**DATA FOR THE TASK**
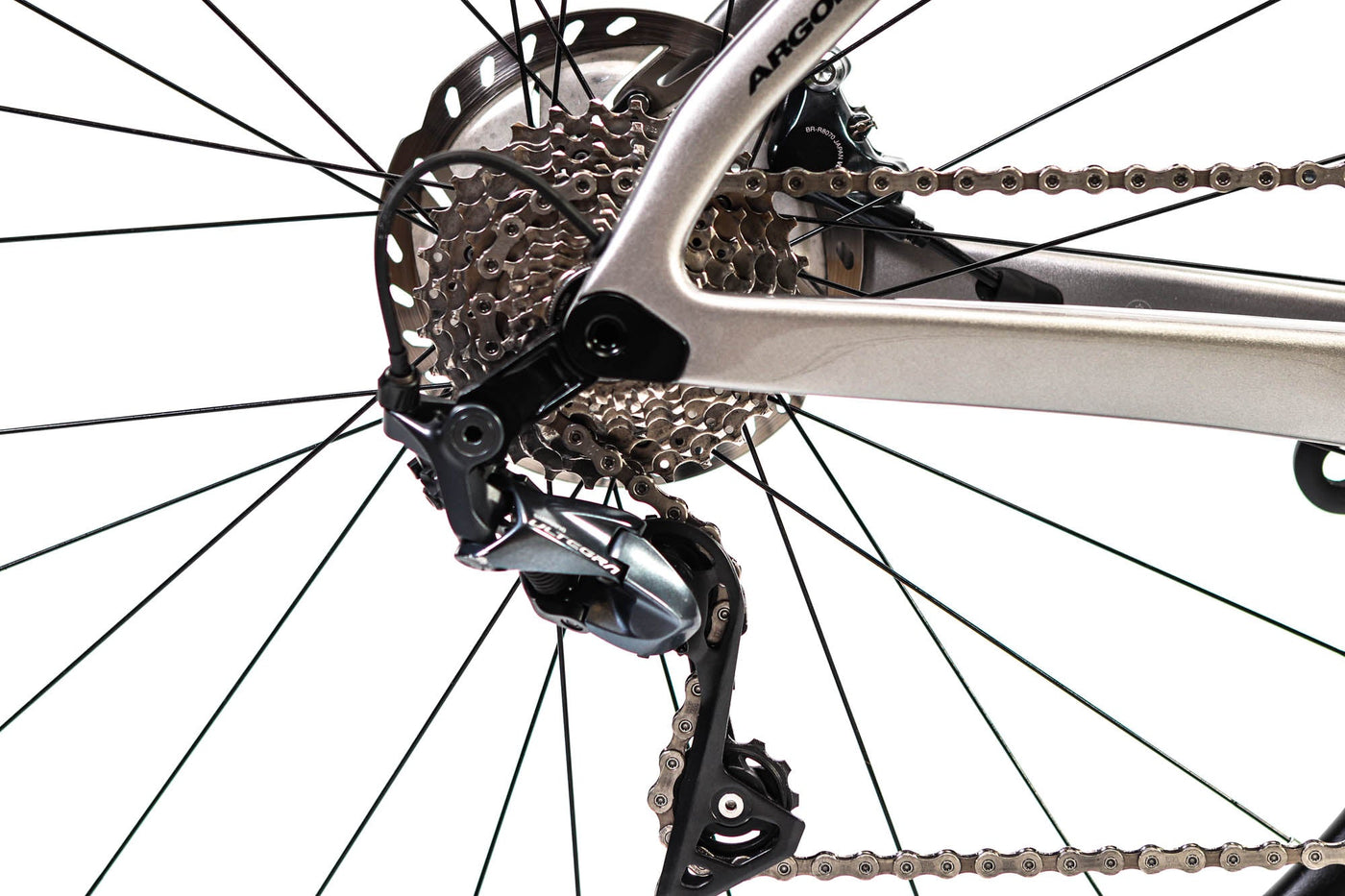 Argon 18 Nitrogen Disc Shimano Ultegra Road Bike 2020, Size Small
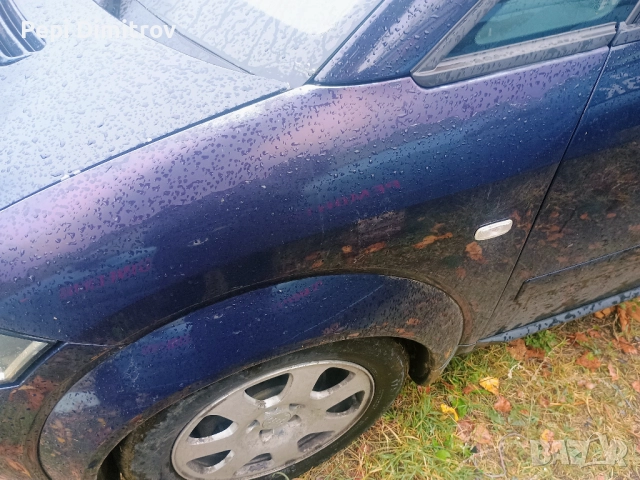 Ляв калник Ауди а 2 audi a2 ,2001 година , снимка 2 - Части - 51927785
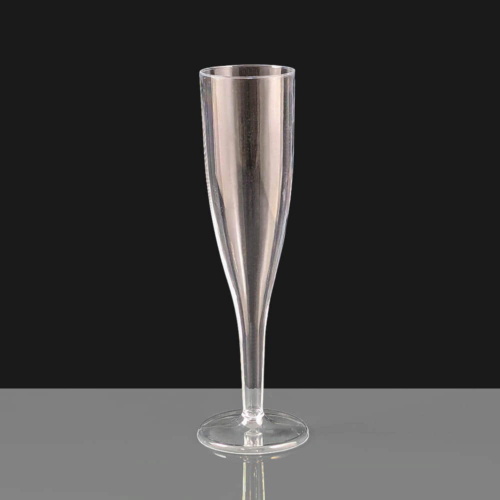 Disposable 166ml Plastic Champagne Glasses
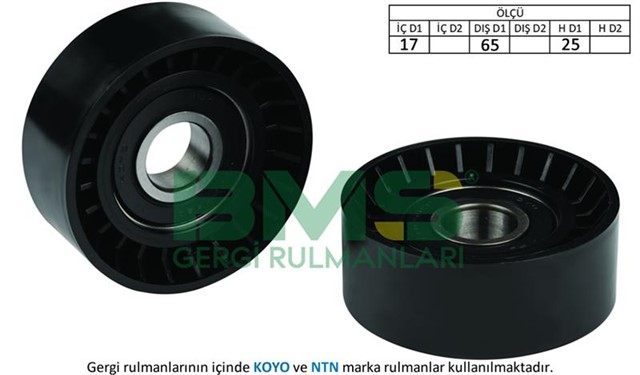 ALTERNATOR GERGI RULMANI P206 - P207 - P307 - P406 - C2 - C3 - C4 - FIESTA - FOCUS 1.4 - 1.6 HDI GOLF - PASSAT 1.4 TSI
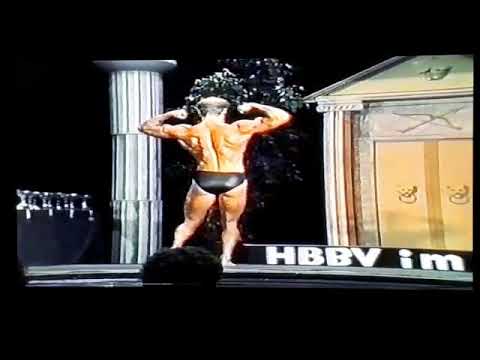 Holger Zietz - Internationale Hamburger Meisterschaft 1985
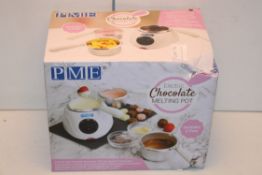 BOXED PME ELECTRIC CHOCOLATE MELTING POTCondition ReportAppraisal Available on Request- All Items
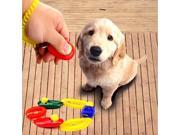 Topwin New Dog Pet Click Clicker Training Trainer Aid Wrist Strap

**WHAT IS EXPECTED**
From the material above, output only the span of lines that starts at the one containing "Ляв калник Ауди" and finishes at the one containing "BOXED PME ELECTRIC", word for word and free of pictures.

**ANSWER**
 Ляв калник Ауди а 2 audi a2 ,2001 година , снимка 2 - Части - 51927785
 Disposable 166ml Plastic Champagne Glasses
 ALTERNATOR GERGI RULMANI P206 - P207 - P307 - P406 - C2 - C3 - C4 - FIESTA - FOCUS 1.4 - 1.6 HDI GOLF - PASSAT 1.4 TSI
 Holger Zietz - Internationale Hamburger Meisterschaft 1985
 BOXED PME ELECTRIC CHOCOLATE MELTING POTCondition ReportAppraisal Available on Request- All Items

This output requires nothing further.